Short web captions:
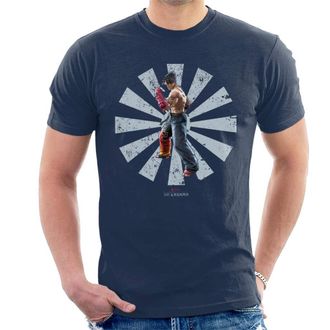 Cloud City 7 Jin Kazama Retro Japanese Tekken Mens T-Shirt Navy Blue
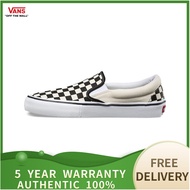 （Genuine Special）VANS OLD SKOOL SLIP ON Men's and Women's Canvas Shoe รองเท้าผ้าใบ V050/055- 5 year warranty
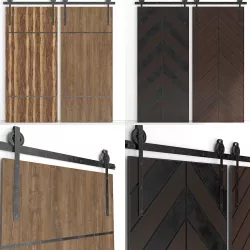 barn doors 3D model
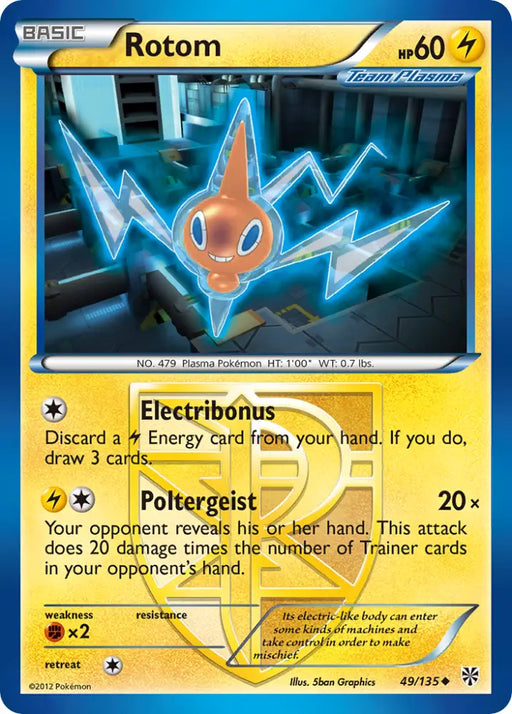 Rotom (49/135) [Black & White: Plasma Storm] - Pokemon Single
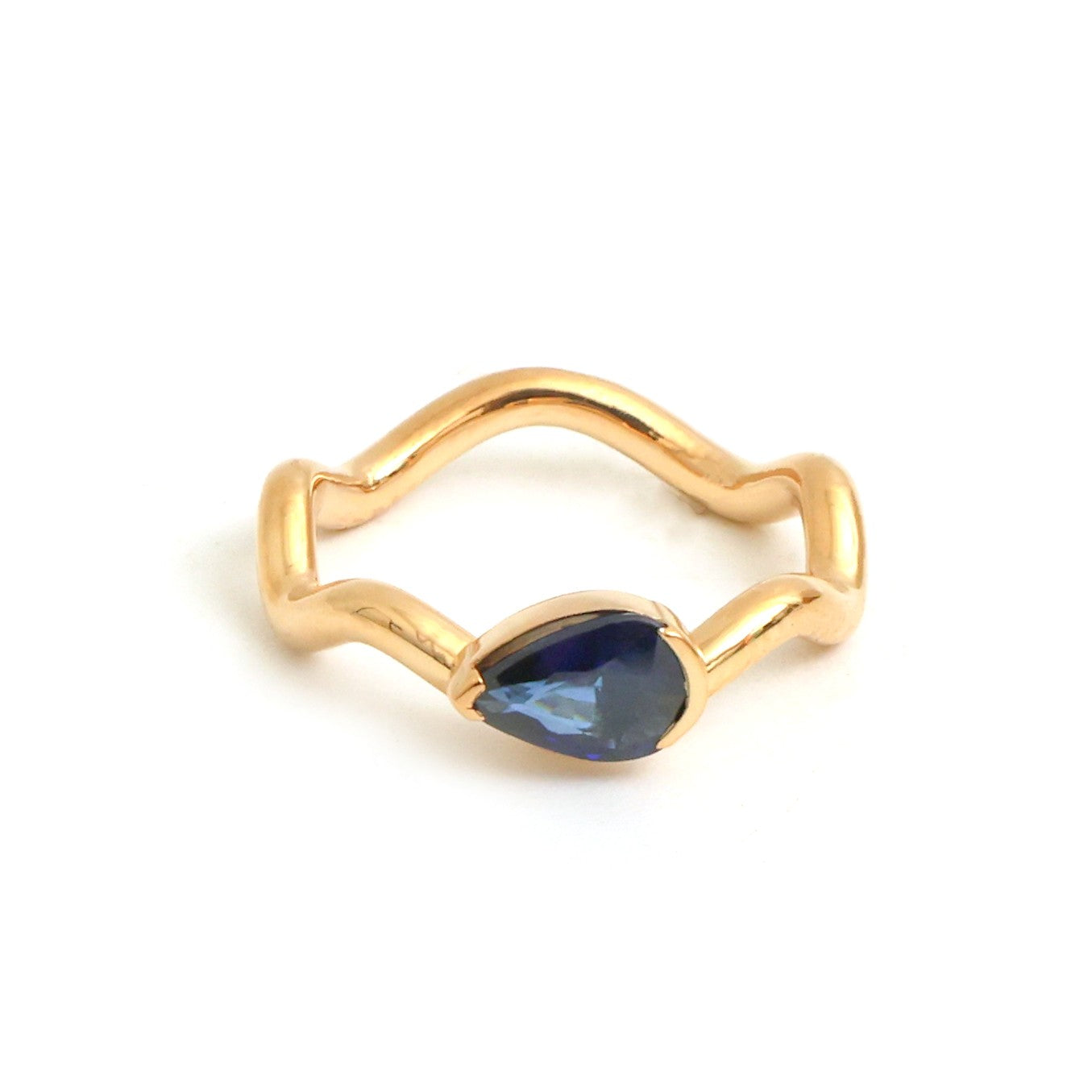 JPRG-5787/13641 Blue Sapphire Ring | 18K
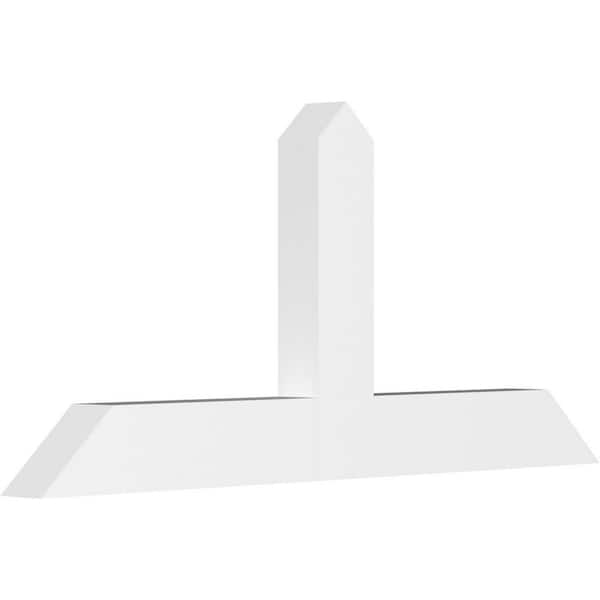 Ekena Millwork Portland 60 in. W x 27.5 in. H x 4 in. D Signature Polyurethane Bracket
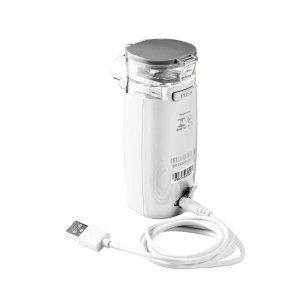 Inalador Mesh Branco/Cinza Multilaser - HC215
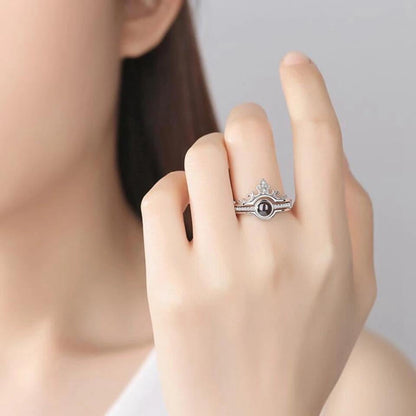 I LOVE YOU' in 100 languages Projection Ring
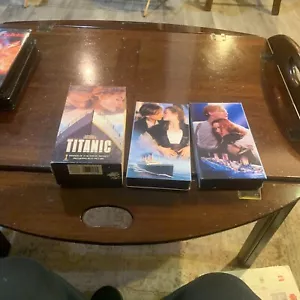 james cameron TITANIC 1997 2 VHS Tapes - Picture 1 of 9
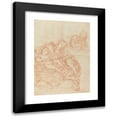 thumbnail image 1 of Italian 17th Century 11x14 Black Modern Framed Museum Art Print Titled - Madonna and Child with Saints John and Joseph (Recto) (17th Century), 1 of 5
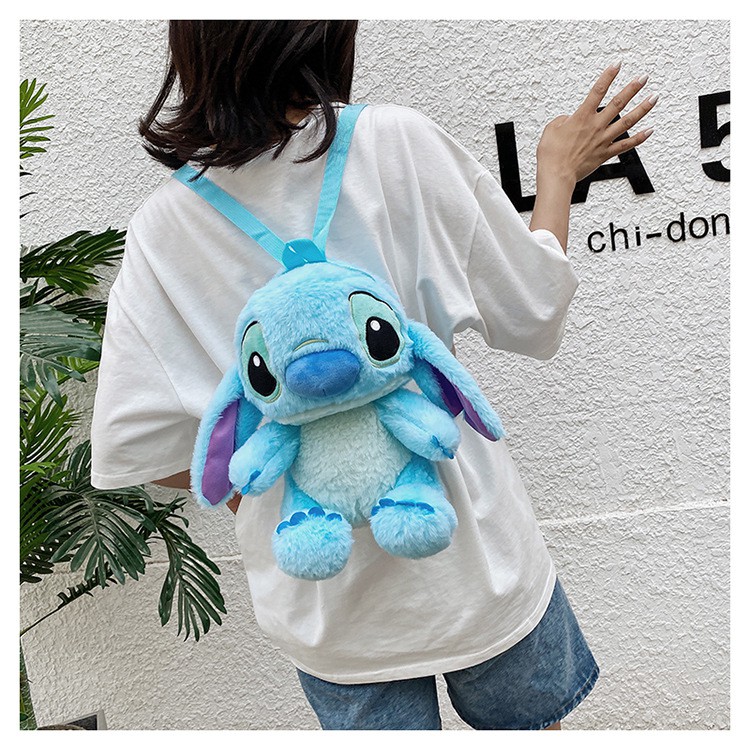 Balo gấu bông hình thú Stitch dễ thương cho bạn nữ dạo phố - Balo Gấu Bông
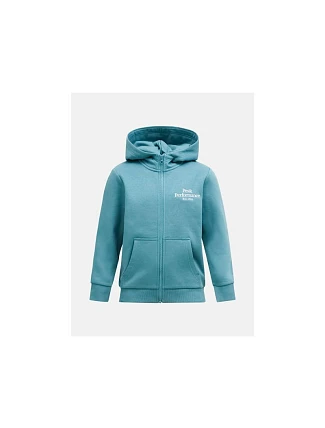 Mikina PEAK PERFORMANCE Original Zip Hood Junior, modrá Mikina PEAK PERFORMANCE Original Zip Hood Junior, modrá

◆ TASK TO COMPLETE:
Using the data above, copy exactly the lines from the one containing "barn doors 3D model" to the one containing "Inalador Mesh Branco/Cinza", inclusive. Exclude the pictures.

◆ EXERCISE RESPONSE:
 barn doors 3D model
 Rotom (49/135) [Black & White: Plasma Storm] - Pokemon Single
 JPRG-5787/13641 Blue Sapphire Ring | 18K
 Ekena Millwork Portland 60 in. W x 27.5 in. H x 4 in. D Signature Polyurethane Bracket
 Inalador Mesh Branco/Cinza Multilaser - HC215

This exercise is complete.